Ma deuxième idée a été de mélanger l’idéation créative d’illustration sur des termes qui me semblaient importants et la création de liens créant du sens à mes yeux. Par la création d’illustrations j’ai mis en image, en allégorie les attracteurs évidents pour ma psyché. Ceux-ci sont présentés dans des cercles de pixel similaires et connectés entre elles, comme une sorte de réseau neuronal, celui de mes intentions. À l’instar d’une carte psychogéographique, les unités d’ambiances (les attracteurs) sont reliées par des connexions ponctuées de mots personnels, émotionnels, logique-politiques, en somme par mes affects.
Les différentes méthodes employées pour concevoir les images illustratives de mes nouveaux attracteurs parlent directement de mon projet et expriment le cadre et lien entre mes différentes intentions. Chaque image possède un traitement lié à la pixélisation ou à l’art des pixels. Certaines images utilisent des photos de notre monde tangible ou des mondes vidéoludiques.
Je décèle que ce lien entre monde tangible, œuvre de jeu vidéo et conception vidéoludique et surtout leur hybridation porte un certain sens expressif et pourrait être source d’une esthétique nouvelle. Une exploration de celle-ci s’impose. Plongeons dans leur mutation et leur conception.

L’attracteur de quête personnelle soulève un besoin créatif, de renouveau, d’action sur le tangible et des questionnements similaires au principe de thèse œuvre dans la version précédente de la carte. Symbolisé par un personnage non joueur 4, possédant un point d’interrogation au-dessus de la tête, il représente l’indication classique de la quête vidéoludique. Connecté à cette quête personnelle par les concepts de cabinet de pensées et d’autopoïétique/auto-ethnographie, l’attracteur des sentiments/affects est une création en pixel art symbolisant le nuage de pensée qui nous influence dans la vie quotidienne (dans le tangible ou non). Relié au quotidien, la pensée situationniste à émerger comme nouvel attracteur. Il effectue le rôle de passerelle entre les attracteurs de sentiments, de ville, d’hétérotopie et de level design. Il semble pouvoir devenir un outil d’émancipation et d’émergence de nouvelle façon de penser le jeu vidéo urbain. L’hétérotopie justement est devenue elle-même un attracteur, par les termes dans son orbite (émancipation (ré)appropriation, stratégie interstitielle, réenchantement, conscientisation, postanarchisme, agentivité) et me permet de penser une once d’utopie dans la dystopie. La dystopie est une analogie de notre société (et de nos villes occidentale) et se cristallise en opposition avec l’hétérotopie par des termes comme société du spectacle, néolibéralisme, postmodernisme. Elle est représentée par une ville faisant, dans l’imaginaire collectif, écho à la dystopie. L’attracteur de fiction ayant un peu évolué permet de penser surtout l’aspect dystopique de ma création. Le level design et le game design quant à eux se relient à l’aspect hétérotopique qui peut émerger par les mécaniques du jeu et la partition ludique créée par le joueur ou la joueuse.

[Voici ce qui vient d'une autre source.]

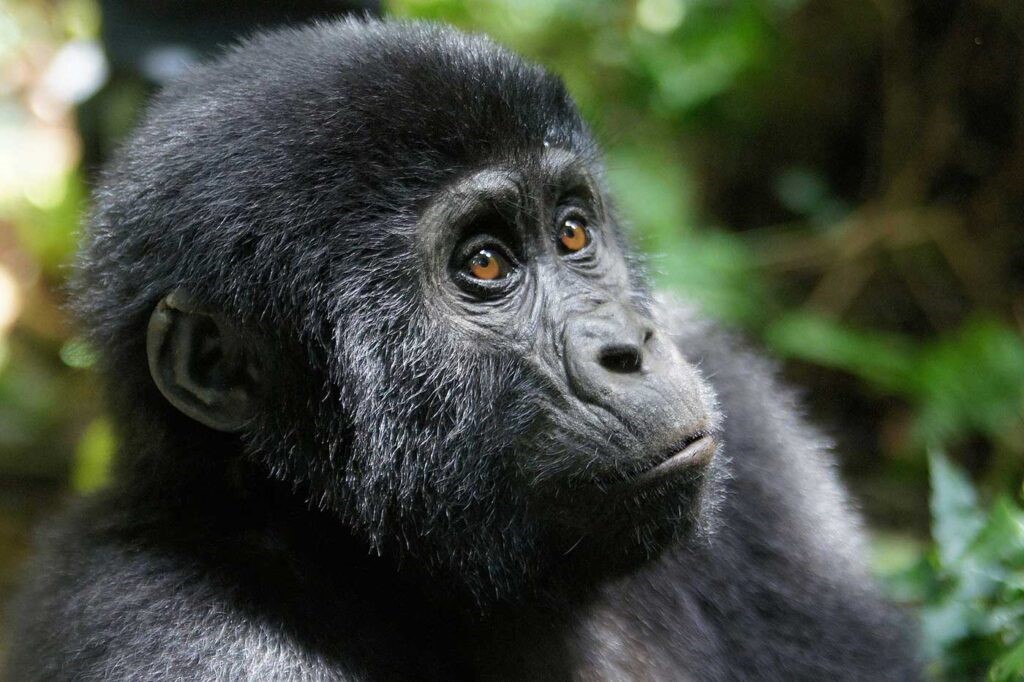 10 Fascinating Facts About Gorillas - Arcadia Safaris - Why is Gorilla Trekking so Expensive?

Dans une vue dézoomée, cette carte représente une démarche de design vidéoludique avec les différents pôles primordiaux à sa conception (game design, level design, fiction) et ses thématiques principales. Elle est devenue un véritable outil spécifique à la création de jeu vidéo. Je remarque également que la conception de monde (Worldbulding) devient un des éléments de conception ressortant visuellement et théoriquement. Je retiens l’aspect ludique à la conception de cette carte. En jouant avec les éléments théoriques et mes pensées, j’ai pris conscience des interconnexions que mon inconscient avait effectuées. Je pense que j’ai compris une première trame de mon projet. Il y a surement de nouvelles couches à explorer.


  1. Un moteur de jeu désigne l’outil logiciel utilisé comme base technique (calcul de géométrie, simulation de la physique, gestion de la lumière) lors du développement d’un jeu.
  2. L’agentivité dans un contexte vidéoludique peut être définie comme la sensation qu’a un·e joueur·euse d’influer significativement sur le monde fictionnel. 
  3. Désigne ici l’ensemble des interactions ayant lieu entre les différents composants d’une ville vidéoludique.
  4. Les personnages non joueurs (NPC) dans les jeux vidéo nomment toutes les entités qui ne sont pas contrôlées par un joueur.